§ Excerpts from a dataset:
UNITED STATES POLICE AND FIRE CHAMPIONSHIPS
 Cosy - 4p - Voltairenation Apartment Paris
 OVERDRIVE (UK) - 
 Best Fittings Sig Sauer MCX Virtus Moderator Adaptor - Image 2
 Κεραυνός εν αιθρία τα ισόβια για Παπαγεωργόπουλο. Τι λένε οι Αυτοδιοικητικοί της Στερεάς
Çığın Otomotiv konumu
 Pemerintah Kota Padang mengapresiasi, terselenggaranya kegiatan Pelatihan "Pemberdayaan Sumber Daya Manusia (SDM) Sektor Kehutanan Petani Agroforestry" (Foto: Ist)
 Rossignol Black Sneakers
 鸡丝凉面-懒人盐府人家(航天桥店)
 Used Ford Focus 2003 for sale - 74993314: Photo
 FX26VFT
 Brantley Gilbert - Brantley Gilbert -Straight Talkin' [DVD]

§ What you are asked to do: Transcribe all entries exactly as they appear above.

§ Output of the exercise:
UNITED STATES POLICE AND FIRE CHAMPIONSHIPS
 Cosy - 4p - Voltairenation Apartment Paris
 OVERDRIVE (UK) - 
 Best Fittings Sig Sauer MCX Virtus Moderator Adaptor - Image 2
 Κεραυνός εν αιθρία τα ισόβια για Παπαγεωργόπουλο. Τι λένε οι Αυτοδιοικητικοί της Στερεάς
Çığın Otomotiv konumu
 Pemerintah Kota Padang mengapresiasi, terselenggaranya kegiatan Pelatihan "Pemberdayaan Sumber Daya Manusia (SDM) Sektor Kehutanan Petani Agroforestry" (Foto: Ist)
 Rossignol Black Sneakers
 鸡丝凉面-懒人盐府人家(航天桥店)
 Used Ford Focus 2003 for sale - 74993314: Photo
 FX26VFT
 Brantley Gilbert - Brantley Gilbert -Straight Talkin' [DVD]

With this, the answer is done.